In June of 2013, former Mayor Antonio Villaraigosa released the Health Atlas for the City of Los Angeles. The document was the first step to better understanding the areas within the City of Los Angeles that are currently burdened with the most adverse health-related conditions. The Health Atlas analyses how demographic conditions, social and economic factors, the physical environment, access to health care, and health behavior play a role in the health of city residents. Specifically, more than 100 health indicators were studied within Los Angeles neighborhoods. Such indicators include asthma, coronary disease and obesity. Some of the key findings in the Health Atlas include:

  • Geographic location is a very important indicator that a resident born and raised in Brentwood can expect to live 12 years longer than a resident who is born and raised in Watts.
  • Over 90% of adults in several Westside neighborhoods have a high school diploma, compared to less than 50% in neighborhoods such as Boyle Heights, South Los Angeles, and ArletaPacoima.
  • Over 30% of children in South Los Angeles, Southeast Los Angeles, Boyle Heights, and in neighborhoods near the Port of Los Angeles (i.e. Harbor City, San Pedro, and Wilmington) are obese, compared to less than 12% of children in Bel Air-Beverly Crest and Brentwood-Pacific Palisades.

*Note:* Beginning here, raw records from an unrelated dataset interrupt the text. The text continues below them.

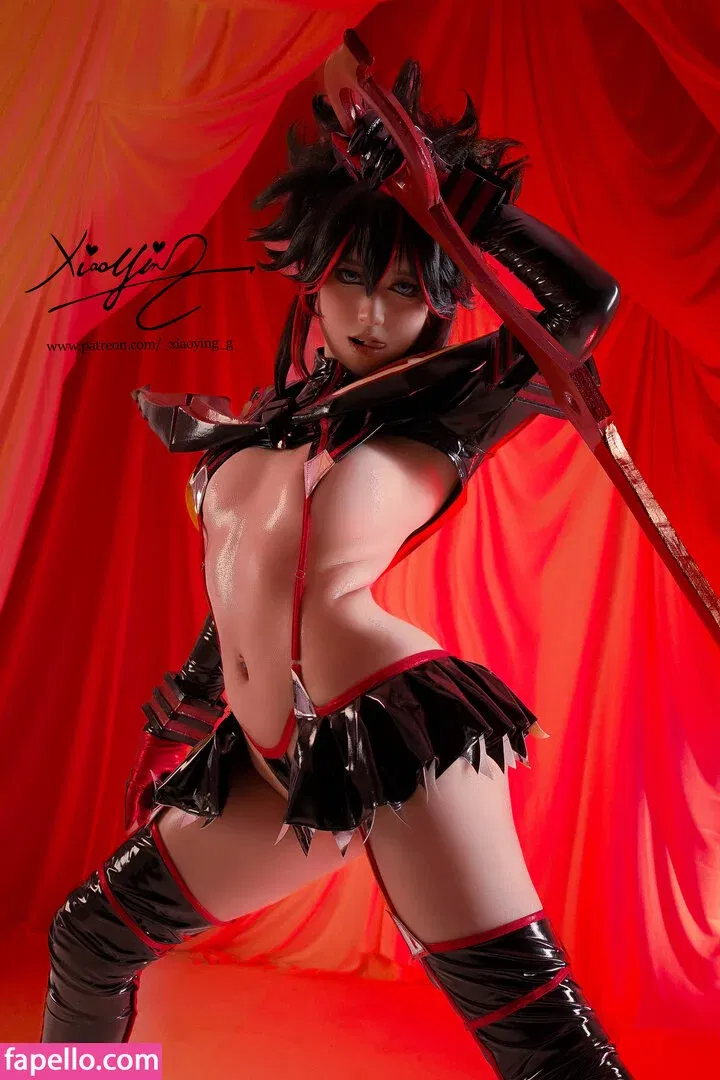 Xiaoying 小樱 Onlyfans Photo Gallery 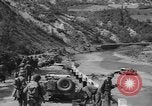 Immagine di Le forze Usa avanza con artiglieria pesante Bologna Italia, 1945, secondo 39 filmato di repertorio 65675076377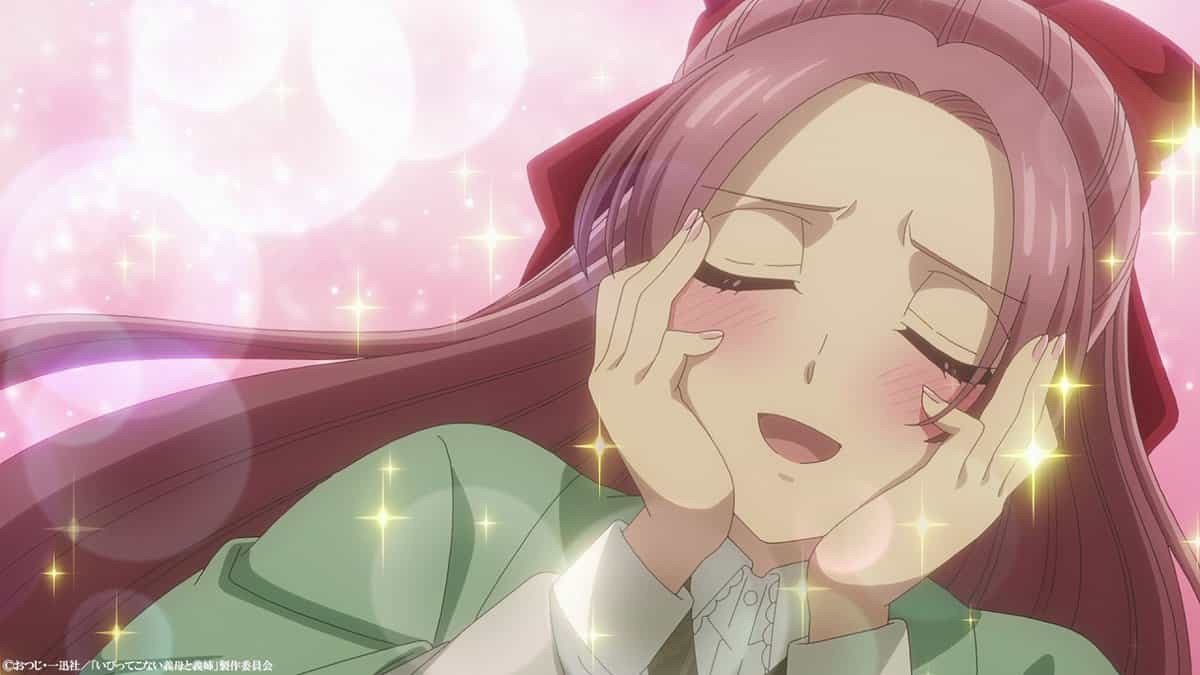 Новые кадры из тизера «Не издевающиеся надо мной мачеха и сводная сестра» 3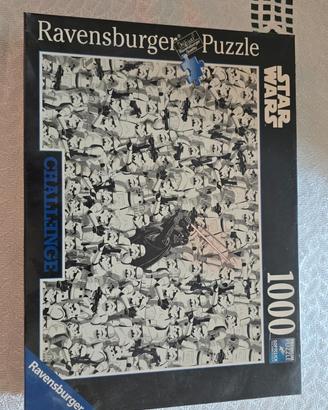 Puzzle Star Wars 1000 pezzi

  • Residents in Westlake and Southeast Los Angeles have less than half an acre of park space available per 1,000 residents.

In response to the Health Atlas, in March of 2015, Los Angeles lawmakers adopted the Plan for a Healthy Los Angeles (The Plan). The approval from Council marks the end of a two year planning process that involved community advocates, government leaders, public health experts and thousands of Angelenos. This new element—known as the “Health and Wellness Element”—will be incorporated into the City of Los Angeles General Plan, which is a document that serves as a blueprint for the growth and development of a city and is often referred to as the city’s planning constitution.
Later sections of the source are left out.